AVAILABLE DATA:
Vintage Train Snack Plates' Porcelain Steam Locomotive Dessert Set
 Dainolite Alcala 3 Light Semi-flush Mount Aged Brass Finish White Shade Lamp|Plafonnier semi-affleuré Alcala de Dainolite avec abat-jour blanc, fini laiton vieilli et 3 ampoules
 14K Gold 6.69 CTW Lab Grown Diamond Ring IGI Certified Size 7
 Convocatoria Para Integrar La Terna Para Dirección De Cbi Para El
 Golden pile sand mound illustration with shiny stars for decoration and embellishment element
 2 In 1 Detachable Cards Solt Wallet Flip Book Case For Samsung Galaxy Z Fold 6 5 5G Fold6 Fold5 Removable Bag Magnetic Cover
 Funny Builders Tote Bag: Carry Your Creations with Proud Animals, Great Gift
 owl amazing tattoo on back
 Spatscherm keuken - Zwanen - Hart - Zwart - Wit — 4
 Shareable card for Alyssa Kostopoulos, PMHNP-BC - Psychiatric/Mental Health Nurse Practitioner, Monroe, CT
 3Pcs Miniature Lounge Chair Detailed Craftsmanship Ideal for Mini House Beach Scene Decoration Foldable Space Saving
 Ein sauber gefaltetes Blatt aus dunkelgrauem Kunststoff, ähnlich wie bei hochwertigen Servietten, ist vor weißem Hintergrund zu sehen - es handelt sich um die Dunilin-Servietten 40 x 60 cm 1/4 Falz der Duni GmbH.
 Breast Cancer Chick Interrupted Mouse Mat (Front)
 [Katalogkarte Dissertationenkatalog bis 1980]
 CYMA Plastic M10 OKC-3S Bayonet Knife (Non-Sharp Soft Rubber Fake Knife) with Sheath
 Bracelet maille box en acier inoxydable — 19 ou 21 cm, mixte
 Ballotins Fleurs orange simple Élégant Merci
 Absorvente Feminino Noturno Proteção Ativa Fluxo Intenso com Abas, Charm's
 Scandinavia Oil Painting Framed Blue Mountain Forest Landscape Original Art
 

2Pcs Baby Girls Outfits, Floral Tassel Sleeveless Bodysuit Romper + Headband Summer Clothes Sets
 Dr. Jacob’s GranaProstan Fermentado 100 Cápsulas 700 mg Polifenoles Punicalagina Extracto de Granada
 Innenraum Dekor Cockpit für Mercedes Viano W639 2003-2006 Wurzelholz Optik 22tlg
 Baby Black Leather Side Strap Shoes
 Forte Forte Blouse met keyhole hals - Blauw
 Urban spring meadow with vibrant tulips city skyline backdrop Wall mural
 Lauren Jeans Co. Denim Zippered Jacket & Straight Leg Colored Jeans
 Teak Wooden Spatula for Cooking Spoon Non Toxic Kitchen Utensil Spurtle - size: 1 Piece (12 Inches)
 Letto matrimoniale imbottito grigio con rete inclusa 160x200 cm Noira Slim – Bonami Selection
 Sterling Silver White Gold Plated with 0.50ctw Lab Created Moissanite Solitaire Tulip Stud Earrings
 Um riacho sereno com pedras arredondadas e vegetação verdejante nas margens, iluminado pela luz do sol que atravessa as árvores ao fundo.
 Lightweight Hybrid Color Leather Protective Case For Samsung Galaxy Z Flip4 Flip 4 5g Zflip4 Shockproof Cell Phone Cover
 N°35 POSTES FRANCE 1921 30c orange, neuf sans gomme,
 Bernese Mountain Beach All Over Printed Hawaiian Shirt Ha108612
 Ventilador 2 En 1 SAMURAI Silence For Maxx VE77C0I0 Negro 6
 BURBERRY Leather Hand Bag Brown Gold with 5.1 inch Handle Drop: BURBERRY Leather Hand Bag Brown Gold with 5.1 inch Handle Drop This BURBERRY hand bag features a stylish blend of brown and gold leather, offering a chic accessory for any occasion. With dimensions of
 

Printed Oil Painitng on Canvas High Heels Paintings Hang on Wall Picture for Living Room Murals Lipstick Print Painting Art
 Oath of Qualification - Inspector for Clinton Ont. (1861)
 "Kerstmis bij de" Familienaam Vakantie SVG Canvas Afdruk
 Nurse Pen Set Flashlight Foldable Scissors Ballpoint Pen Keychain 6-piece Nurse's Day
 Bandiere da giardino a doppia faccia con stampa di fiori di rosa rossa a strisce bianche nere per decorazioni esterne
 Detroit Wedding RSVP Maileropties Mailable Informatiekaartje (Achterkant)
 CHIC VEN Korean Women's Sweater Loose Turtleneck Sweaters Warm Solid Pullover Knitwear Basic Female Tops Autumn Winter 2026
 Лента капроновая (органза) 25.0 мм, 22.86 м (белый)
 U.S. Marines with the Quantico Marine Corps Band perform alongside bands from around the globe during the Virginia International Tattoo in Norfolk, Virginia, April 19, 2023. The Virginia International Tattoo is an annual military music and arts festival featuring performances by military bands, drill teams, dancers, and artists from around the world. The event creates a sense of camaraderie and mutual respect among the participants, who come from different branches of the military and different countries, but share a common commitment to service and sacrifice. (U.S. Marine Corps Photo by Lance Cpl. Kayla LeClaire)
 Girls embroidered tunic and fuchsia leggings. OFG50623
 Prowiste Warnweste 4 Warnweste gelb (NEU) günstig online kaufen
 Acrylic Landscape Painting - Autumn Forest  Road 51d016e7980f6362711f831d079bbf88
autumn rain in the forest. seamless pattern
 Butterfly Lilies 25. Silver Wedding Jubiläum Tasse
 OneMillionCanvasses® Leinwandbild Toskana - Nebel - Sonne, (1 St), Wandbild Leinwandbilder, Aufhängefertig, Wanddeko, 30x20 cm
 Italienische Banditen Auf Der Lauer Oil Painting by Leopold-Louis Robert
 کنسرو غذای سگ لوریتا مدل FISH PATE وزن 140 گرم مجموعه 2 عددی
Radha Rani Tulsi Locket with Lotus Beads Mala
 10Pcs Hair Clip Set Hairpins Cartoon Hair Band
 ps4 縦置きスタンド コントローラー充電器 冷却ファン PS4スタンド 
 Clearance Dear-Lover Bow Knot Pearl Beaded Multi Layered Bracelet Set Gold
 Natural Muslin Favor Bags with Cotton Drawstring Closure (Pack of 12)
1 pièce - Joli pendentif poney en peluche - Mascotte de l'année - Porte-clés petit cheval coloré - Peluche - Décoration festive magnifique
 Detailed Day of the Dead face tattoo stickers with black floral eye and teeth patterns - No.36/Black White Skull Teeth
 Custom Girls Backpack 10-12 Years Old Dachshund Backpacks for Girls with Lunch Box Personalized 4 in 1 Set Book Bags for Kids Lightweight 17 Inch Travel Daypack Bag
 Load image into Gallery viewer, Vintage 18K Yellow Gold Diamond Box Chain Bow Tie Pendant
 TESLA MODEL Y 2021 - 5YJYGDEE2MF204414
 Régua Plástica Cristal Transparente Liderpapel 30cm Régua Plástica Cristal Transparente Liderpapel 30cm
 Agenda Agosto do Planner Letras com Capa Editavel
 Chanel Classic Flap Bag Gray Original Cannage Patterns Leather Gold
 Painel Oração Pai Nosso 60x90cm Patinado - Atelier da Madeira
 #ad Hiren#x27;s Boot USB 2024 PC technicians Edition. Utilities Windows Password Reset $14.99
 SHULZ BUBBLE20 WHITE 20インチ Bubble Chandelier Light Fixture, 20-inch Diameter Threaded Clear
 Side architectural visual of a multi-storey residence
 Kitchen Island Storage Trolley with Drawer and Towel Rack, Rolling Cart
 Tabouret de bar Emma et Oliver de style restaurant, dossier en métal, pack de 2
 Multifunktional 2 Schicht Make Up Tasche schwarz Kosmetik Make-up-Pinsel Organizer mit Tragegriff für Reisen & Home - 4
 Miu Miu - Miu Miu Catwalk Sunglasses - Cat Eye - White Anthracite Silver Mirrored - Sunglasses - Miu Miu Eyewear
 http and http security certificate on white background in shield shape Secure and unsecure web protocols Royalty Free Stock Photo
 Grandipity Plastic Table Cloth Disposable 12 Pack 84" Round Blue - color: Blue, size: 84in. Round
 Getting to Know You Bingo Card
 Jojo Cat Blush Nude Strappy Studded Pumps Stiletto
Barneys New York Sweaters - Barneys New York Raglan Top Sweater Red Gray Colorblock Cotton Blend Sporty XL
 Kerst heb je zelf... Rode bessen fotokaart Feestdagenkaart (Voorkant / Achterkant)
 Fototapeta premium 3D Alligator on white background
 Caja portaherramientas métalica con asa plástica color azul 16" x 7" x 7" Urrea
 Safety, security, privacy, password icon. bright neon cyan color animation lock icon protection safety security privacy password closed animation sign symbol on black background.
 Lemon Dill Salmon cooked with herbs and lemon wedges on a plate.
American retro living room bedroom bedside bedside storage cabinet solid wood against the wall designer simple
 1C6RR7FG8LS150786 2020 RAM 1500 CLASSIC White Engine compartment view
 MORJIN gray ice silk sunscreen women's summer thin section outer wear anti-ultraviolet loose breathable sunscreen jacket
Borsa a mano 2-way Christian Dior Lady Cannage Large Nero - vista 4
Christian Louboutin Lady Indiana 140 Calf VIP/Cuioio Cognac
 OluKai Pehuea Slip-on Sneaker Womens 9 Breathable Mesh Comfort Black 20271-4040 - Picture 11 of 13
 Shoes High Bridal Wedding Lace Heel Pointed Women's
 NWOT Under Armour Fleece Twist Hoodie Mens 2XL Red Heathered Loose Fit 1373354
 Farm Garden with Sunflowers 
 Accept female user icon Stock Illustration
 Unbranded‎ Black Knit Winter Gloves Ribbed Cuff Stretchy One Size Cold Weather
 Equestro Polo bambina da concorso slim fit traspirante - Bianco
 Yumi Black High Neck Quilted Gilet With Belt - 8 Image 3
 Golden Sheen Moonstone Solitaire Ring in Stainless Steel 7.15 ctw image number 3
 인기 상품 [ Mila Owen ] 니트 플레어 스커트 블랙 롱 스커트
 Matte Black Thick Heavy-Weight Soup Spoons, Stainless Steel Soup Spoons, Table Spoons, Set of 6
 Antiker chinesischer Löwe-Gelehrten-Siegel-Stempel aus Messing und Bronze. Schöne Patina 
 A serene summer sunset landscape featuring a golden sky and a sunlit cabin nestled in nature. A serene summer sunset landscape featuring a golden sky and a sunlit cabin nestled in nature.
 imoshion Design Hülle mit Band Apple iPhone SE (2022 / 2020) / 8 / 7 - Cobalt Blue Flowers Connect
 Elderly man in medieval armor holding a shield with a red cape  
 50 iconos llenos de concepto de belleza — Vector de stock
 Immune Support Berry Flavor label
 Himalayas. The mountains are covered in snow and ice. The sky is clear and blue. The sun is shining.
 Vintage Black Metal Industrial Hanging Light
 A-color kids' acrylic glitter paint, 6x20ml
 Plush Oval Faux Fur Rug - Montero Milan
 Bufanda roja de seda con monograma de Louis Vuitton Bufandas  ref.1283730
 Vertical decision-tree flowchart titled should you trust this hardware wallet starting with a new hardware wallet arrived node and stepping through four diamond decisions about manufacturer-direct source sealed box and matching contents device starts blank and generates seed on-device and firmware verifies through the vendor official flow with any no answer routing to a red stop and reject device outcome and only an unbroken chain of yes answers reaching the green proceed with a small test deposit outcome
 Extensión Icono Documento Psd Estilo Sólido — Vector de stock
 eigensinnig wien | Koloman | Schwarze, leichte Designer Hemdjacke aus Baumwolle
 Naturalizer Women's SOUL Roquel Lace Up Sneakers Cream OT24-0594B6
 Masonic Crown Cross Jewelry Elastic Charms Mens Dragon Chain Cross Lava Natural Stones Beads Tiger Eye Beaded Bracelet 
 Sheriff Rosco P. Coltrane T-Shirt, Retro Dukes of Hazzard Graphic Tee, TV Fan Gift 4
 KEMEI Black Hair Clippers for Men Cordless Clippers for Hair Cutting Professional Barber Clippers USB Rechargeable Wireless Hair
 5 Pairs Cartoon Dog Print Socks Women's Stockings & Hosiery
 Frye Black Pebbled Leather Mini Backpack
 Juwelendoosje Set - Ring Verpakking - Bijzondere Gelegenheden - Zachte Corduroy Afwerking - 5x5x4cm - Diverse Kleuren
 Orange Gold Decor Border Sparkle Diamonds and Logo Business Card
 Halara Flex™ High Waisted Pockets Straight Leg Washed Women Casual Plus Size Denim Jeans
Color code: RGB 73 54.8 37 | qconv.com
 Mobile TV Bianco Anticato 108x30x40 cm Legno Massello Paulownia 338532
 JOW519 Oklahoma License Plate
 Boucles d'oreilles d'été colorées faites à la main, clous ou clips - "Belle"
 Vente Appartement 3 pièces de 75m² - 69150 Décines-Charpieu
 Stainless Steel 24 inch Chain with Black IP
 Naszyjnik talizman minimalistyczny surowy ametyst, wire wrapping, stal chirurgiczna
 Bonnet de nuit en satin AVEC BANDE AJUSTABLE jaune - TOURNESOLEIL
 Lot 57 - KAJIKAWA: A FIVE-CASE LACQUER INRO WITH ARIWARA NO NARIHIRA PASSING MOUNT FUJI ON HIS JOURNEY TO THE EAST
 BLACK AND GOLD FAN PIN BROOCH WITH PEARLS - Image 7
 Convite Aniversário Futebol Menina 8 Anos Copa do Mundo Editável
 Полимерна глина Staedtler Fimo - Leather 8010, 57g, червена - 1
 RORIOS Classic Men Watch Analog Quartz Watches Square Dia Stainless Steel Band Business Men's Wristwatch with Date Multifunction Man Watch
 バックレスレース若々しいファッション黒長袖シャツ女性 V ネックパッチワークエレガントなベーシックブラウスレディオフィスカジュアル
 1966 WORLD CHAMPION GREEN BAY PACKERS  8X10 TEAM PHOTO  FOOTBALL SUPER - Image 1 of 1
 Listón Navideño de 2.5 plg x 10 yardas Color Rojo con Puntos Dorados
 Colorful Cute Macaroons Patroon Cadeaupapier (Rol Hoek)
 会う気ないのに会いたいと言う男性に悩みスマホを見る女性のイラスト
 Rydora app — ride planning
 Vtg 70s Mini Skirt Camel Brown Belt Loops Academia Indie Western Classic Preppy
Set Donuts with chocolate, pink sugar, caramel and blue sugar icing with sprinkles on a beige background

TASK BRIEF: Your answer should consist only of the lines above between the line holding "TESLA MODEL Y 2021 - 5YJYGDEE2MF204414" and the line holding "1C6RR7FG8LS150786 2020 RAM", inclusive, each transcribed exactly.

SOLUTION TO THIS TASK:
 TESLA MODEL Y 2021 - 5YJYGDEE2MF204414
 Régua Plástica Cristal Transparente Liderpapel 30cm Régua Plástica Cristal Transparente Liderpapel 30cm
 Agenda Agosto do Planner Letras com Capa Editavel
 Chanel Classic Flap Bag Gray Original Cannage Patterns Leather Gold
 Painel Oração Pai Nosso 60x90cm Patinado - Atelier da Madeira
 #ad Hiren#x27;s Boot USB 2024 PC technicians Edition. Utilities Windows Password Reset $14.99
 SHULZ BUBBLE20 WHITE 20インチ Bubble Chandelier Light Fixture, 20-inch Diameter Threaded Clear
 Side architectural visual of a multi-storey residence
 Kitchen Island Storage Trolley with Drawer and Towel Rack, Rolling Cart
 Tabouret de bar Emma et Oliver de style restaurant, dossier en métal, pack de 2
 Multifunktional 2 Schicht Make Up Tasche schwarz Kosmetik Make-up-Pinsel Organizer mit Tragegriff für Reisen & Home - 4
 Miu Miu - Miu Miu Catwalk Sunglasses - Cat Eye - White Anthracite Silver Mirrored - Sunglasses - Miu Miu Eyewear
 http and http security certificate on white background in shield shape Secure and unsecure web protocols Royalty Free Stock Photo
 Grandipity Plastic Table Cloth Disposable 12 Pack 84" Round Blue - color: Blue, size: 84in. Round
 Getting to Know You Bingo Card
 Jojo Cat Blush Nude Strappy Studded Pumps Stiletto
Barneys New York Sweaters - Barneys New York Raglan Top Sweater Red Gray Colorblock Cotton Blend Sporty XL
 Kerst heb je zelf... Rode bessen fotokaart Feestdagenkaart (Voorkant / Achterkant)
 Fototapeta premium 3D Alligator on white background
 Caja portaherramientas métalica con asa plástica color azul 16" x 7" x 7" Urrea
 Safety, security, privacy, password icon. bright neon cyan color animation lock icon protection safety security privacy password closed animation sign symbol on black background.
 Lemon Dill Salmon cooked with herbs and lemon wedges on a plate.
American retro living room bedroom bedside bedside storage cabinet solid wood against the wall designer simple
 1C6RR7FG8LS150786 2020 RAM 1500 CLASSIC White Engine compartment view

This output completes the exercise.